_EXERCISE INSTRUCTIONS_:
Below are the records. Retype exactly the lines between the lines holding "T-shirt à manches" and "Small Bathroom Storage", inclusive.

(Saved entries)
>>>>>
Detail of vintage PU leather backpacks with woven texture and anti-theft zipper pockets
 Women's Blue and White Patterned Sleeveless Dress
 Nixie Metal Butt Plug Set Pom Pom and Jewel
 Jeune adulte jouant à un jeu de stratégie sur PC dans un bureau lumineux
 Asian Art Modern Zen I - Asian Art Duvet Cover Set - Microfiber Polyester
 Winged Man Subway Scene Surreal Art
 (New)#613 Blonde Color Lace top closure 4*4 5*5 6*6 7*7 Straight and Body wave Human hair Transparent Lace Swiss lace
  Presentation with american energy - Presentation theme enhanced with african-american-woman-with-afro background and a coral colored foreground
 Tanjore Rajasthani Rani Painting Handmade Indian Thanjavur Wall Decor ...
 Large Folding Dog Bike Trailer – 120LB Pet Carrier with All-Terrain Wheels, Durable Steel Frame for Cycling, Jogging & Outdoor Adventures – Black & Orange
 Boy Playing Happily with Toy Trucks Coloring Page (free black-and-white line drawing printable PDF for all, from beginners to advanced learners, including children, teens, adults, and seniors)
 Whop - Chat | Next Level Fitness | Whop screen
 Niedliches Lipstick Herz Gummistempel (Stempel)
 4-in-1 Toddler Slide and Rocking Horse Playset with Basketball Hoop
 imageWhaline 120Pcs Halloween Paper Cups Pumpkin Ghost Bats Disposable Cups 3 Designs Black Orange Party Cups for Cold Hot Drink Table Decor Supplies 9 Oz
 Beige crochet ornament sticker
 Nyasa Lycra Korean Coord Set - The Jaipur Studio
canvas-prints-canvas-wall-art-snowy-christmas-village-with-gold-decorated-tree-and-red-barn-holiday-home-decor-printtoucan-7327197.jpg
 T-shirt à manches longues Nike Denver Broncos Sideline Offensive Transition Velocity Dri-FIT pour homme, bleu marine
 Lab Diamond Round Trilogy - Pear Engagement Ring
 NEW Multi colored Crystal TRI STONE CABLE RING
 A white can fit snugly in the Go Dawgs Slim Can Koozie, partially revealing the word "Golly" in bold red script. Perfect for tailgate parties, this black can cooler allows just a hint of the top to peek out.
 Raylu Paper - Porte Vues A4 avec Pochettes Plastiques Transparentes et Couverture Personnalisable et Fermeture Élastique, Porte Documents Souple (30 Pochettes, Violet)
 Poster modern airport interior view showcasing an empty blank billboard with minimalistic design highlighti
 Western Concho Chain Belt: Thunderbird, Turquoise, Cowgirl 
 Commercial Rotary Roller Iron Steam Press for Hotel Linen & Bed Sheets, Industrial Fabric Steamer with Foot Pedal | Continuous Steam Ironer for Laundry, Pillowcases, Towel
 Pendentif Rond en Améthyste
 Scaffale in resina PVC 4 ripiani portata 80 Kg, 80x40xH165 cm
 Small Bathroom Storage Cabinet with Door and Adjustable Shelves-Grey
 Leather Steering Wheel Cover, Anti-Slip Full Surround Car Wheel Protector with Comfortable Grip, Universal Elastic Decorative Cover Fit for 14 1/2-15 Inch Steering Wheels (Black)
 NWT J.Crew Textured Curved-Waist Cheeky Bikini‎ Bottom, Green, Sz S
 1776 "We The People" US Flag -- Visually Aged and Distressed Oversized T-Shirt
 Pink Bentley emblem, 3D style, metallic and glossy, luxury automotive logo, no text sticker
<<<<<
_OUTPUT OF THE TASK_:
 T-shirt à manches longues Nike Denver Broncos Sideline Offensive Transition Velocity Dri-FIT pour homme, bleu marine
 Lab Diamond Round Trilogy - Pear Engagement Ring
 NEW Multi colored Crystal TRI STONE CABLE RING
 A white can fit snugly in the Go Dawgs Slim Can Koozie, partially revealing the word "Golly" in bold red script. Perfect for tailgate parties, this black can cooler allows just a hint of the top to peek out.
 Raylu Paper - Porte Vues A4 avec Pochettes Plastiques Transparentes et Couverture Personnalisable et Fermeture Élastique, Porte Documents Souple (30 Pochettes, Violet)
 Poster modern airport interior view showcasing an empty blank billboard with minimalistic design highlighti
 Western Concho Chain Belt: Thunderbird, Turquoise, Cowgirl 
 Commercial Rotary Roller Iron Steam Press for Hotel Linen & Bed Sheets, Industrial Fabric Steamer with Foot Pedal | Continuous Steam Ironer for Laundry, Pillowcases, Towel
 Pendentif Rond en Améthyste
 Scaffale in resina PVC 4 ripiani portata 80 Kg, 80x40xH165 cm
 Small Bathroom Storage Cabinet with Door and Adjustable Shelves-Grey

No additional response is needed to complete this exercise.